Task statement: Please give back, exactly as written, the lines from the line with "भारतीय बाजारों पर" to the line with "لاعبو أتلتيكو مدريد" in the listing below, leaving out all pictures.

Given information:
==========
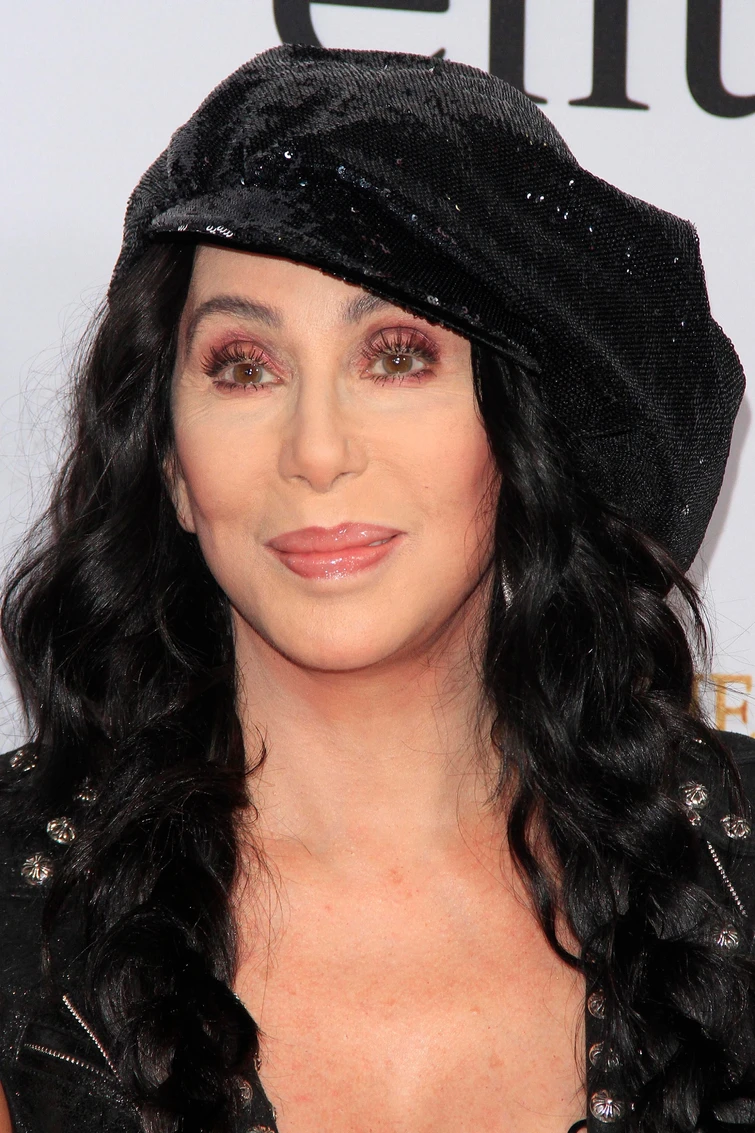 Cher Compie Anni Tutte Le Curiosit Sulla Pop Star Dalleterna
==========
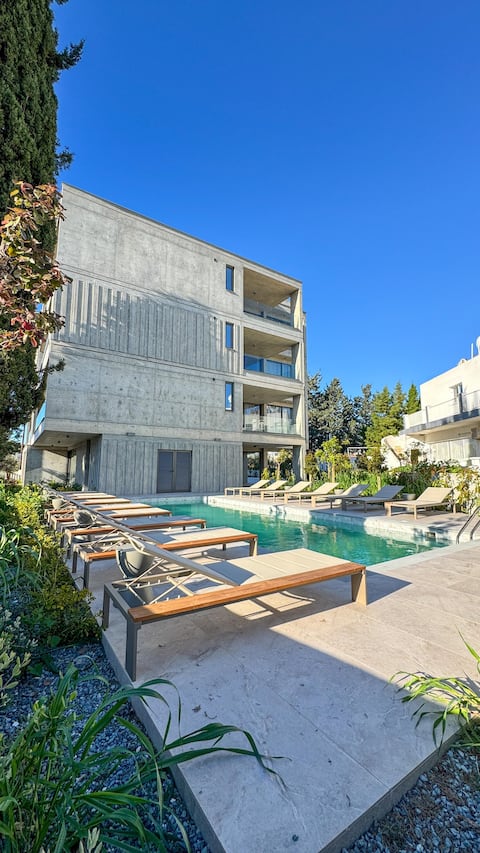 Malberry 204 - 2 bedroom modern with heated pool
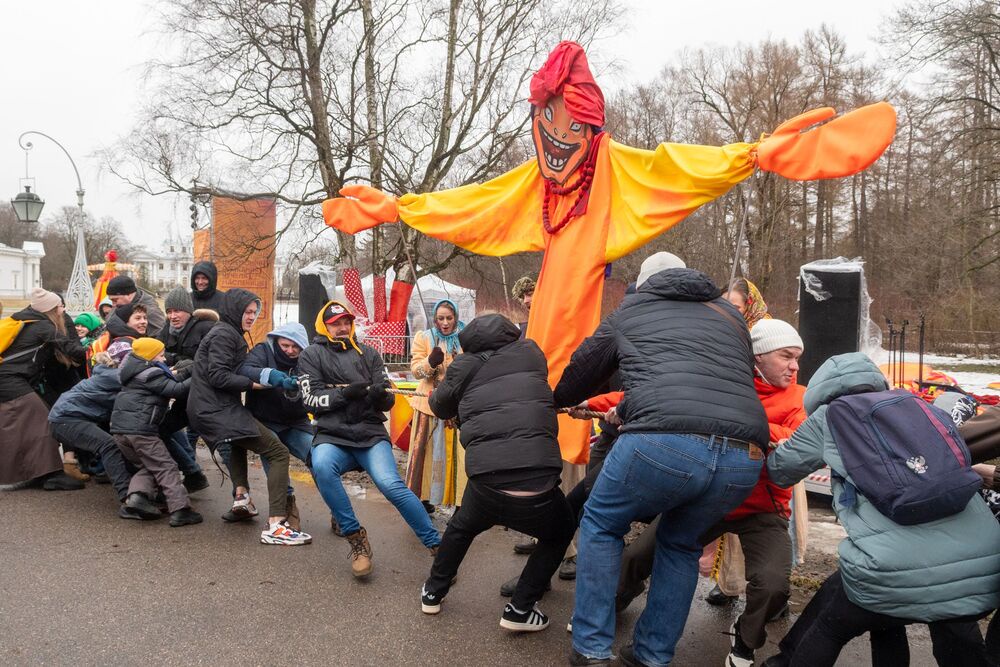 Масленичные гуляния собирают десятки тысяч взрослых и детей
==========
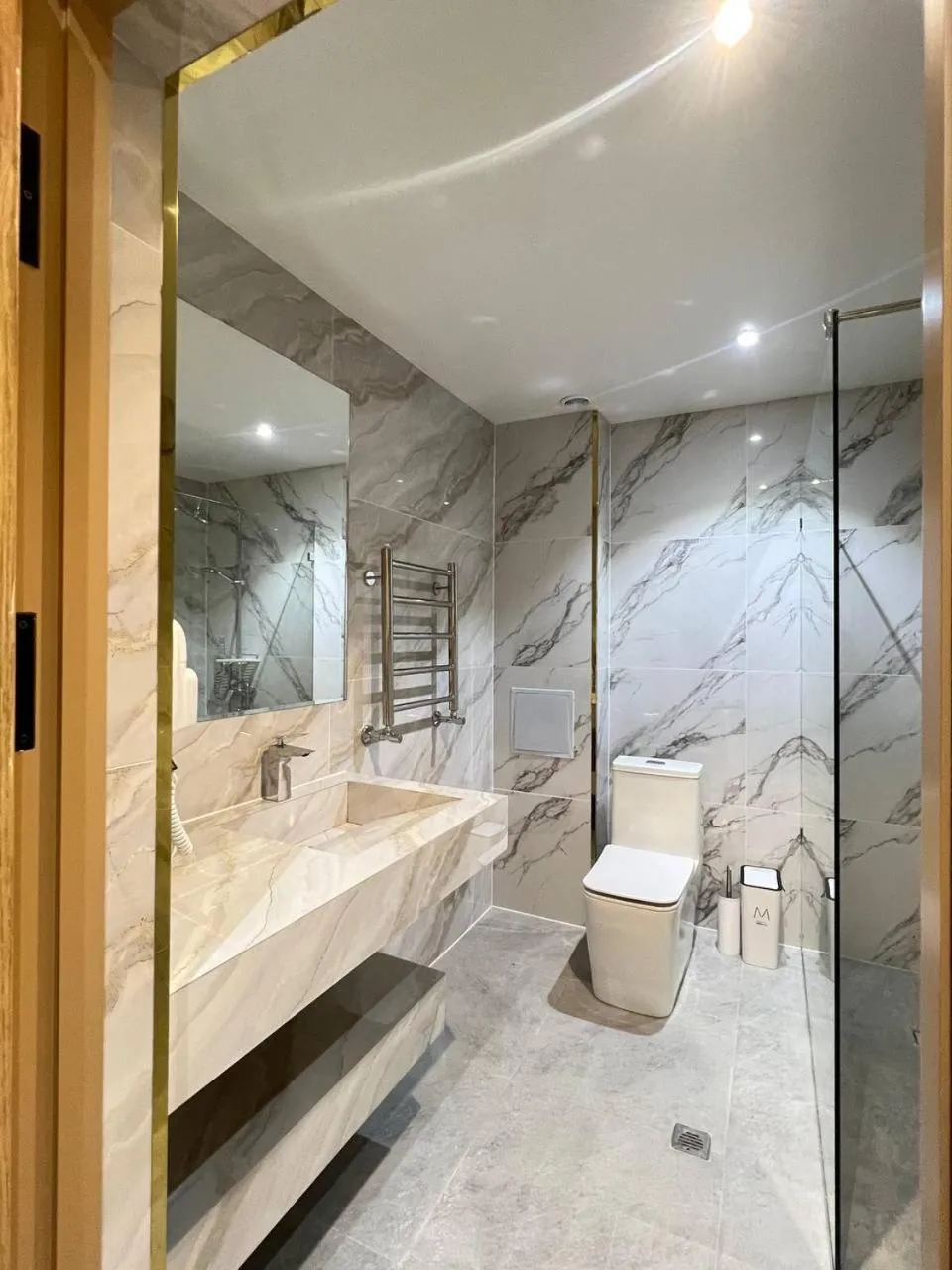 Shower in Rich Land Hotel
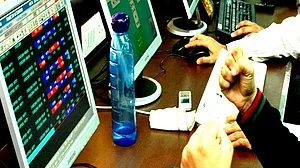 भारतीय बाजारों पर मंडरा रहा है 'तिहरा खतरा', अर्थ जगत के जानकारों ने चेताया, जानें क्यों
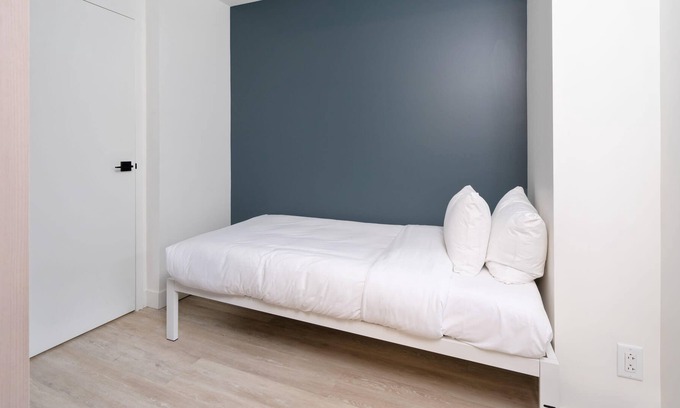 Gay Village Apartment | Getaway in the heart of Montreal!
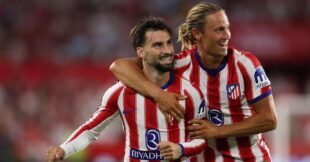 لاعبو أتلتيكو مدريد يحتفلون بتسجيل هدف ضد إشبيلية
==========
Result of the exercise:
 भारतीय बाजारों पर मंडरा रहा है 'तिहरा खतरा', अर्थ जगत के जानकारों ने चेताया, जानें क्यों
 Gay Village Apartment | Getaway in the heart of Montreal!
 لاعبو أتلتيكو مدريد يحتفلون بتسجيل هدف ضد إشبيلية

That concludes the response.